CBDC can be the preferred stored value in times to come. CBDC is sovereign money, and hence can be a safe‑haven public option for savings, with lower risk of default than storing savings with commercial banks. Of course, somebody who despises the sovereignty will still go for decentralized crypto as the alternative, but for most others, they have the option of keeping their money in CBDC for safe-keeping, and thus may well emerge as a viable alternative to commercial bank deposits. It will provide the convenience to transact in the digital economy, and thus move away from a fragmented payment ecosystem.

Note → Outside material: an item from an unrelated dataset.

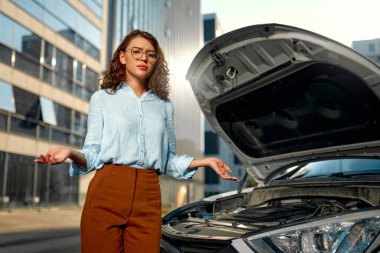 Yoldaki arabayla ilgili bir sorun var. Kaputu patlamış bir arabanın yanında duran kadın sürücü. Araç Sigortası, Bakım ve Servis Konsepti.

There is one critical innovation which a CBDC design may provide that is hitherto unavailable in regular digital payments. And that is conducting and settling of a transaction when no internet connection is available. This is the world of Offline payments where cash has currently no alternative. CBDC can potentially offer two use cases here. One is an intermittent offline currency that allows offline transfer of money but requires connectivity for settlement; in other words, money gets transferred but is locked for re-spending. The other one is an extended offline CBDC where funds being local to the device can support instant settlement so that ownership is transferred at the time of the transaction. In this case, settlement will happen purely offline and will not require synchronization with an online system.
On the flip side, CBDC can be looked at as a breach of individual data privacy, as every transaction can now be scrutinized and investigated. It’s a ‘Big Brother’ scenario, and it isn’t pretty.
CBDC has the potential to challenge commercial banks’ market power over retail deposits, pressuring banks to increase interest rates, provide deposit insurance and offer better financial services to depositors. Essentially, they must now compete for our money a lot more. In the best case, a drop in deposits and rising costs of banks may raise the cost of credit in the ecosystem; and debt financing may well be expensive. At the worst, we can be looking at a ‘disintermediation’ of the banking sector.
Now, if you think about this, a very interesting dichotomy can emerge.
On one hand, these banks would now have to be more efficient and conservative, because the first sign of trouble may have depositors move their money from accounts to CBDC. On the other hand, competing for the customers’ money would put pressure on the bank’s margins which pushes their hand into taking on more risk to increase earnings.
Long story short, the central banks need to think long and hard about how to keep the financial system from falling apart. They can look at recalibrating (downwards) the quantum of reserves that banks keep with the central bank and maybe put limits on withdrawal to CBDC. They can also look at putting negative interest rates on CBDC holdings, but that can end up incentivizing physical money and thus defeating the objective. Now these are outside the purview of this article, and so I will stop here, but the takeaway is that the central banks need to think long and hard about the design and implementation of this digital currency.